(TASK INPUT begins)

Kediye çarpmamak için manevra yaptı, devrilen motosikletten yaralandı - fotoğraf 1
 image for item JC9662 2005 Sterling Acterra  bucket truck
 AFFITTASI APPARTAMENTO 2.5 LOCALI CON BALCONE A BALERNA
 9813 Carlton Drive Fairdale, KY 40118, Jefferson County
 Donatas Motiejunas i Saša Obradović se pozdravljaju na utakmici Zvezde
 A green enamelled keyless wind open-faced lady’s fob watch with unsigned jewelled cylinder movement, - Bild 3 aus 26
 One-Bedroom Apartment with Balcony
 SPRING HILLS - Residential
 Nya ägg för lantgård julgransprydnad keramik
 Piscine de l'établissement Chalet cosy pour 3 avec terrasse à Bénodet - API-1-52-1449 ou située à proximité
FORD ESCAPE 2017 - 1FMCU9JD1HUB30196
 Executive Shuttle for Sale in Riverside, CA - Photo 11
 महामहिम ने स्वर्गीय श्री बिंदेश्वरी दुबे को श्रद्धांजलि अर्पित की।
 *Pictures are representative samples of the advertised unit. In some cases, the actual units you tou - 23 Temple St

(TASK INPUT ends)

(ACTIVITY)
From the records above, copy only the lines starting with the line that holds "Piscine de l'établissement" and going on through the line that holds "महामहिम ने स्वर्गीय", exactly as written.

(ANSWER TO THIS PROBLEM)
 Piscine de l'établissement Chalet cosy pour 3 avec terrasse à Bénodet - API-1-52-1449 ou située à proximité
FORD ESCAPE 2017 - 1FMCU9JD1HUB30196
 Executive Shuttle for Sale in Riverside, CA - Photo 11
 महामहिम ने स्वर्गीय श्री बिंदेश्वरी दुबे को श्रद्धांजलि अर्पित की।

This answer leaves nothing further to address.